Fittingly, Kenneth Arnold's ur-sighting is represented by his own account of that fateful day in 1947. People had been seeing unexplained aerial phenomena for centuries, but Arnold's sighting and newsman Bill Becquette's subsequent coining of the phrase 'flying saucer' served to focus the imagination of a waiting world. The portals were opened.
All the salient motifs of ufology are represented here, from car-stops to cattle mutilations, physical traces to saucer cults. Balls of light jostle with ghost rockets for your attention and as each chapter is devoured, a new slant on the phenomenon becomes apparent. For instance, any ufologists languishing under the belief that UFO flaps and hot spots are evidence of a physical phenomenon would do well to consider John Rimmer's overview of the Warminster phenomenon. In retrospect, what was once a mainstay of the British ufological scene now seems quaint, almost twee. What hope then for Gulf Breeze and Bonnybridge?
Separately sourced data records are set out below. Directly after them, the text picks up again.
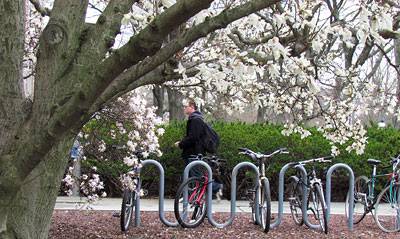 Blossoms bikes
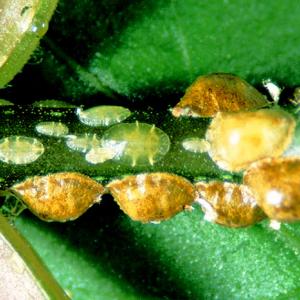 Halbkugelige Napschildlaus Saisettia coffea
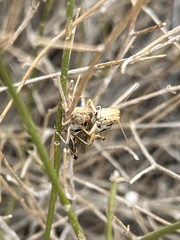 Melanoplus arizonae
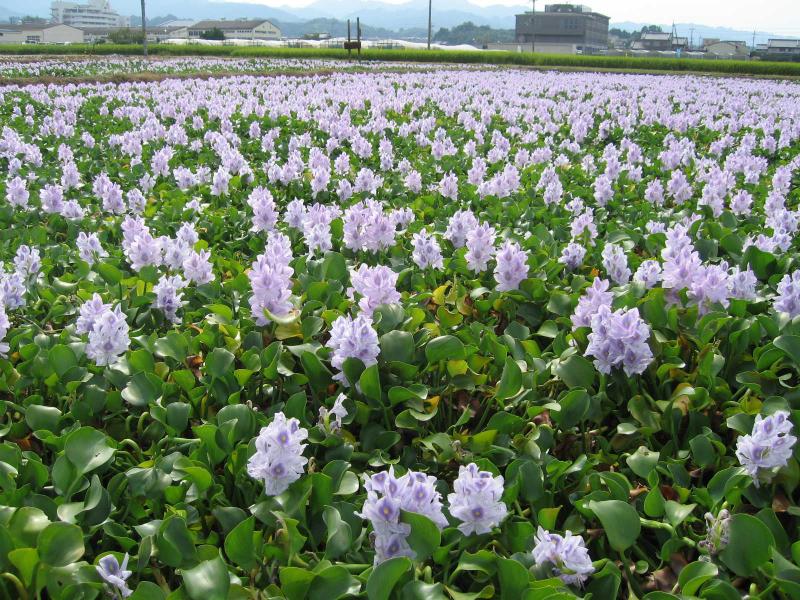休耕水田広がる淡紫の花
Time will tell, but the signposts are here.
But just when you're ready to shout 'case closed, next mystery please', along comes a doozy. Like Ray Fowler's account of the Allegash abductions. Here, four men were 'taken' from their canoe while fishing in the wilderness, following the appearance of an 'intelligent' light. Their experience and subsequent narratives, admittedly retrieved mainly by hypnosis, make for puzzling reading. Puzzling that is, until you read Patrick Huyghe's razor-sharp analysis of the rise and rise of the Hopkinsonian abduction scene in New York in which he uses the alleged numbers of abducted Americans (one million!) to illustrate the sheer ludicrousness of the extraterrestrial hypothesis (ETH).
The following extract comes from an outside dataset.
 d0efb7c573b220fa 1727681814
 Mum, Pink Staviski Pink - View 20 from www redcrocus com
Whether believer or sceptic, the writers put their cases eloquently and with feeling. None more so than Jacques Vallee whose journal extracts give a very human snapshot of a life in ufology. Vallee's diaries show the building bricks of the subject being considered and manipulated before they became part of the canon. This is ufology at its best, alive and kicking, ripe for meaning to be distilled from mystery.
As the evidence is sifted and balanced by ufologists of many persuasions - and with more than one-third of the essays being penned by ufologists living outside the Americas, no one can accuse the book of having a cultural bias - the only conclusion you can reach is that the UFO mystery is of far greater magnitude than the join-the-dots ufologists would have us believe. Conversely, the 'truths' discovered so far teasingly point only to natural phenomenon, human perception and culture. This is exemplified by Maillot and Scornaux's gentle dissembly of the Trans-en-Provence case, long held by ufologists to be a bastion of the physical trace genre and one investigated and pronounced unexplained by the official French UFO research team, GEPAN. And on, until the valedictory chapters by Hilary Evans and Jenny Randles which spell out a few home truths. These might be unpalatable to the hard core ETHer, but to the Fortean ufologist they make perfect sense. Evans insists that we should not cling to any one UFO case or theory, as one by one they fall to explanation; Randles makes a case for getting out there and investigating, to "see that behind the illusion of ufology as it is popularly believed there is a phenomenon very worthy of study".
Most UFO books artlessly reduce the subject to entertainment, people's traumatic experiences being paraded for ego and profit until the next fashionable theory comes along. You won't find any of that in UFO 1947-1997; instead you'll find sincere thinkers of all hues offering insight and illumination into the dark corners of the UFO mystery. A mystery no less perplexing now than at any other time and one which should lead us all to share the view of Saucer Smear editor Jim Moseley when he says: "My fascination with the subject continues, and I only hope that I - or any one of us - live long enough to solve the mystery." We won't of course, but we'll have fun trying.